9. Keeping in view the principles laid down, I shall now proceed to deal with the case on hand.
10. The accused and the informant are Advocates and are known to each other. The averments in the first information report reveal about the acquaintance of the petitioner with the informant and also about the disputes between the informant and her husband, which were being mediated by the petitioner. The offence with which the accused is charged is neither punishable with death nor imprisonment for life.

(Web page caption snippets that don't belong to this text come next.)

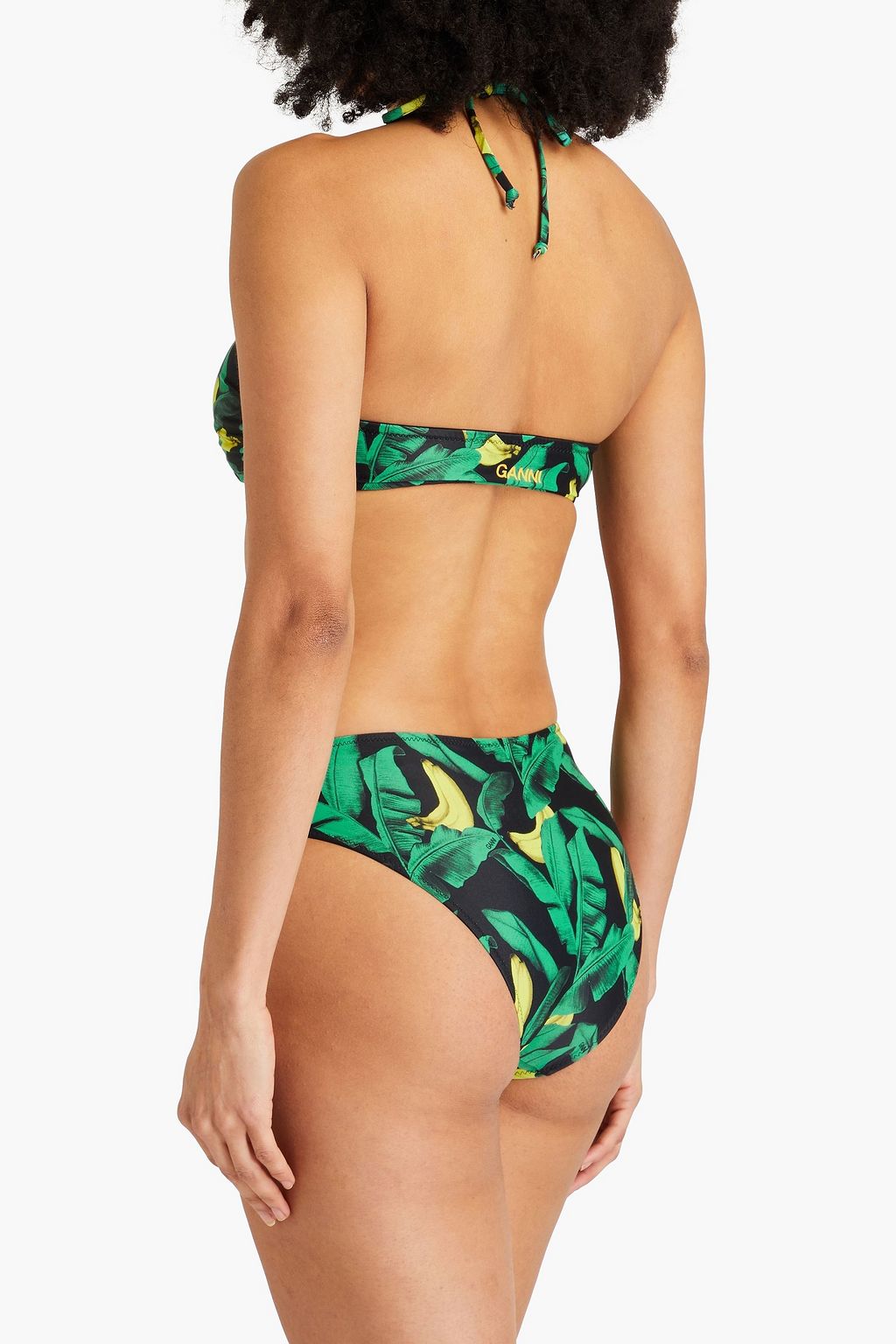 GANNI Printed halterneck bikini top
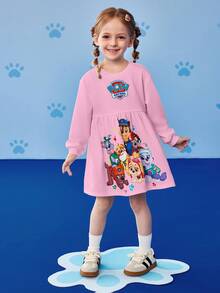 SHEIN | PAW Patrol 小女孩可爱卡通小狗印花圆领长袖针织连衣裙，适合秋冬季穿着 - 粉色 - 查看 5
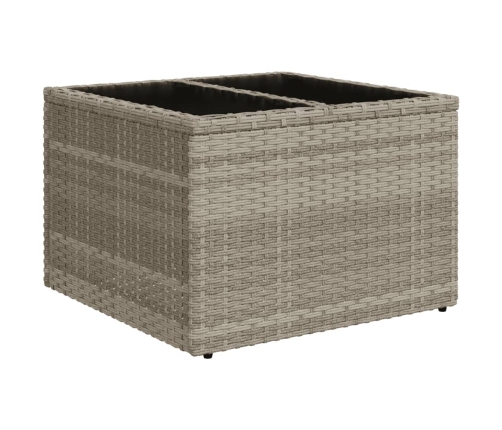 Set muebles jardín 9 pzas y cojines ratán sintético gris claro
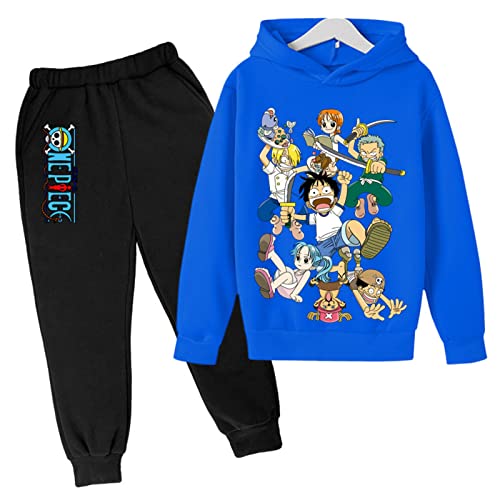 2022 Anime One Piece Jungen Trainingsanzug Cartoon Luffy Casual Kapuzenpullover Sets Kinder Hoodies und Jogging Hosen 4-14T von Chaorwe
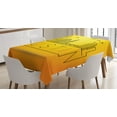 thumbnail image 1 of Ambesonne Austin Tablecloth Rectangular Table Cover, Minimal Texas Linear Skyline, 52"x70", Yellow and Orange, 1 of 4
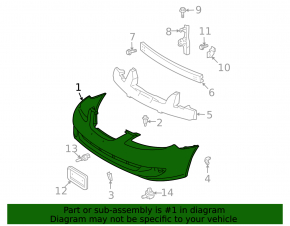 Bare front bumper for repair Toyota Solara 2.4 04-06
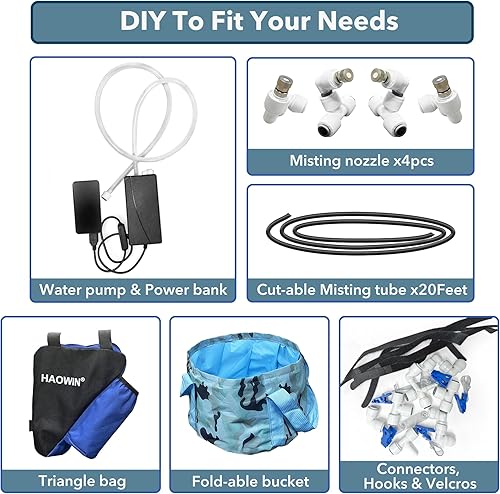 Miniatura 2 de HAOWIN Sistema de nebulización portátil con bomba de agua, bolsa triangular y cubo plegable, sistema de enfriamiento de nebulización móvil para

11. In view of the Judgments referred to above and taking into consideration the fact of compromise arrived at between the parties, this court is of the opinion that no useful purpose would be served in allowing the proceedings to go on as the dispute is purely private in nature and not affecting the public at large. Further, the chances of conviction are remote and bleak even if the accused is allowed to face the trial. In view of the compromise arrived at between the parties, the investigation against the petitioner/accused can be quashed by permitting the second respondent/complainant to compound the offence with the accused.
12. Accordingly, the Crl.P.M.P.11867 of 2014 is ordered. Consequently, the Criminal Petition filed for quashing of the investigation in Crime No.347 of 2014 of Subedari Police Station, Warangal District, is allowed.
13. As a sequel thereto, Miscellaneous Petitions pending if any in this criminal petition, shall stand closed.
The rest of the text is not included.